### Records contained in a dataset

# # # # #

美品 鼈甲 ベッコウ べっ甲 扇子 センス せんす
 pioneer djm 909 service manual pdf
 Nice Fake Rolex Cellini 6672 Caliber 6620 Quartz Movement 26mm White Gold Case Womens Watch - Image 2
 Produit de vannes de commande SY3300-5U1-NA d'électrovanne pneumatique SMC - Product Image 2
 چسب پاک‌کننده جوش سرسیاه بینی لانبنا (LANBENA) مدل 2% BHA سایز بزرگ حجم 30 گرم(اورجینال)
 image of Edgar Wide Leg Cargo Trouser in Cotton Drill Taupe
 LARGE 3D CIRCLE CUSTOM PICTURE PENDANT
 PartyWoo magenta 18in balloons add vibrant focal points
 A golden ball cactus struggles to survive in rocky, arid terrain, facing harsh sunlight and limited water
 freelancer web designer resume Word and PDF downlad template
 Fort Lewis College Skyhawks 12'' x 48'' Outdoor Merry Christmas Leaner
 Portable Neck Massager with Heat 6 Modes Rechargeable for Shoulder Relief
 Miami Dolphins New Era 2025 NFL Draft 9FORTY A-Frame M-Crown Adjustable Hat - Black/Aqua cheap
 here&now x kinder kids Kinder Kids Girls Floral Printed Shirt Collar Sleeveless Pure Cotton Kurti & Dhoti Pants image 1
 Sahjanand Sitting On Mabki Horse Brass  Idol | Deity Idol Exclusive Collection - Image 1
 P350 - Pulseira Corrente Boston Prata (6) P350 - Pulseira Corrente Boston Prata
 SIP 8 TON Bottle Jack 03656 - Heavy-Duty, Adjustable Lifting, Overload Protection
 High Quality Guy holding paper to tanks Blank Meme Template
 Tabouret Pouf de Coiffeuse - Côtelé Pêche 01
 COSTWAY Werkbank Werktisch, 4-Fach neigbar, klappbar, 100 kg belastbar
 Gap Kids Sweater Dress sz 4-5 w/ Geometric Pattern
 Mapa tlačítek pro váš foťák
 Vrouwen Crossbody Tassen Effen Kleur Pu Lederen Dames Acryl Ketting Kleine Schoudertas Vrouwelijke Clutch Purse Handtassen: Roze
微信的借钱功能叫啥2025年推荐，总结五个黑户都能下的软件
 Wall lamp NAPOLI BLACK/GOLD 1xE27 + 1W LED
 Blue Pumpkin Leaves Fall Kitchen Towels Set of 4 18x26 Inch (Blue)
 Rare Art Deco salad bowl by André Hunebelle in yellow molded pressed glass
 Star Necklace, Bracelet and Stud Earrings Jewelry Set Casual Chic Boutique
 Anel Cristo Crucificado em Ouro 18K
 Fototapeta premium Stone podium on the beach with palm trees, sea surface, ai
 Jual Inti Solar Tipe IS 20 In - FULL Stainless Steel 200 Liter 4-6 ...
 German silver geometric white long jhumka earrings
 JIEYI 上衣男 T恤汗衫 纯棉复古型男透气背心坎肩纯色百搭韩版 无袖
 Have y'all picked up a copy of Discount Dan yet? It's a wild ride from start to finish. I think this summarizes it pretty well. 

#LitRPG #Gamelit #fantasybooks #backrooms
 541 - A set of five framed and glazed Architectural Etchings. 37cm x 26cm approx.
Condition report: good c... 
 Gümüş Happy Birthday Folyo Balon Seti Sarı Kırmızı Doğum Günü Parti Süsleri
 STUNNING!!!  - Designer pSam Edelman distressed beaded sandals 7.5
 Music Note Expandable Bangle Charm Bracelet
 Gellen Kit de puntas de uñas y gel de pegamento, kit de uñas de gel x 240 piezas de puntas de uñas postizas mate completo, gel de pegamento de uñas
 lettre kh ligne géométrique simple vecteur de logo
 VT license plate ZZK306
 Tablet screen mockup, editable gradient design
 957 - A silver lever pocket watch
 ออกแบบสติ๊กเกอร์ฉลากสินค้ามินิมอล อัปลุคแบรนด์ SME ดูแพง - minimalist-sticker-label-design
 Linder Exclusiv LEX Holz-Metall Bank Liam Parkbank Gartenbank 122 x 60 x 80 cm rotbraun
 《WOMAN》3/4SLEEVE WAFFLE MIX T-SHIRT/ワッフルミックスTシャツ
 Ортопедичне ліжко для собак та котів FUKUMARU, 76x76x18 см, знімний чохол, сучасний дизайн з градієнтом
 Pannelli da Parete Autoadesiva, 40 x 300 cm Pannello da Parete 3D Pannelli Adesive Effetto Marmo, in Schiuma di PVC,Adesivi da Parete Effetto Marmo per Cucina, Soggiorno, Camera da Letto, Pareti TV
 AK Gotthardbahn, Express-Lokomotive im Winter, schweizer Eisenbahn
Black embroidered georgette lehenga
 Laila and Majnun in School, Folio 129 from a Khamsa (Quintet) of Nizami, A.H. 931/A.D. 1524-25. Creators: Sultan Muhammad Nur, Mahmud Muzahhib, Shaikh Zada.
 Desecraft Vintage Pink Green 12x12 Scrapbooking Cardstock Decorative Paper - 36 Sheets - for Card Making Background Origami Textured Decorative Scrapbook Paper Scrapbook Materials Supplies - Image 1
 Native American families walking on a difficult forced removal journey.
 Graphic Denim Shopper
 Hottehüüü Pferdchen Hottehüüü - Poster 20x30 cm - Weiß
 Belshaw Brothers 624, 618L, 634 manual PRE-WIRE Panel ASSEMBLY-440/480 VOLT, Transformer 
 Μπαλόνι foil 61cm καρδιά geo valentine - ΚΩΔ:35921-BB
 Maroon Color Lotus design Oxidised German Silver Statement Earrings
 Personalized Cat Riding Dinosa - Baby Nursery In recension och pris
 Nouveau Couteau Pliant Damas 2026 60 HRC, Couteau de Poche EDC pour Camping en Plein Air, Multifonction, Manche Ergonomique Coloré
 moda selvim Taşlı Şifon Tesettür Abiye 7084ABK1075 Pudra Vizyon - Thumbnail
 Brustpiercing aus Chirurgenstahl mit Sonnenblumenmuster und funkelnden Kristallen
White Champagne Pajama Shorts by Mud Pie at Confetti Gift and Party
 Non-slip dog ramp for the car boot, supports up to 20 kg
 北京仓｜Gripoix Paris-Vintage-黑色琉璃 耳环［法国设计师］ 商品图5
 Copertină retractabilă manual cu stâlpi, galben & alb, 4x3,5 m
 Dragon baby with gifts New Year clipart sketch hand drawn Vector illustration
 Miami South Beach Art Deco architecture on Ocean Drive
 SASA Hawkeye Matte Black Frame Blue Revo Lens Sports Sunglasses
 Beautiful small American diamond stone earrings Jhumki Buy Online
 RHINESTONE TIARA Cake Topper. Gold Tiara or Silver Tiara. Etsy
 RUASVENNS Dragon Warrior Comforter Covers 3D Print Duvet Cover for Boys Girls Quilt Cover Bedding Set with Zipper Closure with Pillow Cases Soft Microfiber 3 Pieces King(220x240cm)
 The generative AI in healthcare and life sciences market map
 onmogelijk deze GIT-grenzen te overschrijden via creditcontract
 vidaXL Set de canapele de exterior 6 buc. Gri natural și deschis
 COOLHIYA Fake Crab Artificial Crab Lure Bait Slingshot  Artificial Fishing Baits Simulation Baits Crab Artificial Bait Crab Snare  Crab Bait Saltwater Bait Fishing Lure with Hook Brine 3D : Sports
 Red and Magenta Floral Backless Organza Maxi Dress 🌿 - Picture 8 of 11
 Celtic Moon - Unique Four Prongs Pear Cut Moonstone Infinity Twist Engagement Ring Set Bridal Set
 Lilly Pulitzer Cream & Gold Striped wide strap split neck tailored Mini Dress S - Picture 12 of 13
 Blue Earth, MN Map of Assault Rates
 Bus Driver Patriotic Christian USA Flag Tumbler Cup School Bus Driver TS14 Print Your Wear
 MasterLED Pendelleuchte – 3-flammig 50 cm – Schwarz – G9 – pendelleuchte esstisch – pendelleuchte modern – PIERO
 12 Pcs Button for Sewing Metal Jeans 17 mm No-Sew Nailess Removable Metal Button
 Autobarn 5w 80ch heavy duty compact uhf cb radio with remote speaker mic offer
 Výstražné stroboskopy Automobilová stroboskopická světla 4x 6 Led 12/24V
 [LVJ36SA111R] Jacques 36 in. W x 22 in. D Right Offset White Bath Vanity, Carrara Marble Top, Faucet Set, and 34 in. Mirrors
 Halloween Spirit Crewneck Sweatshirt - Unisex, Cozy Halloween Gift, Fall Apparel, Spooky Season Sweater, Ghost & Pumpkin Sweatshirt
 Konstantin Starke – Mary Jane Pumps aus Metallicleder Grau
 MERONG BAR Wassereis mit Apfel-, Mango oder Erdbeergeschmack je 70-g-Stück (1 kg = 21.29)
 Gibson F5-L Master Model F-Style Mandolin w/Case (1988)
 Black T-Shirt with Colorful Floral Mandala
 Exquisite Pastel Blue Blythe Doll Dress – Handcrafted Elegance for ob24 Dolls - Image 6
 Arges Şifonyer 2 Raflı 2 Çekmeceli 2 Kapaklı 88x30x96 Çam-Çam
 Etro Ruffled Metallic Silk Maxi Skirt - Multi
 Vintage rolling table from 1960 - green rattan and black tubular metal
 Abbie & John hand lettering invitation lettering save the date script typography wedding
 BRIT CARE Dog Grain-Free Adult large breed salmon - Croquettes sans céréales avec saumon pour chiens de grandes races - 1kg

# # # # #

### PROBLEM DETAILS
Look through the entries above, find each line containing "Kids", and copy it.

### ANSWER SECTION
 here&now x kinder kids Kinder Kids Girls Floral Printed Shirt Collar Sleeveless Pure Cotton Kurti & Dhoti Pants image 1
 Gap Kids Sweater Dress sz 4-5 w/ Geometric Pattern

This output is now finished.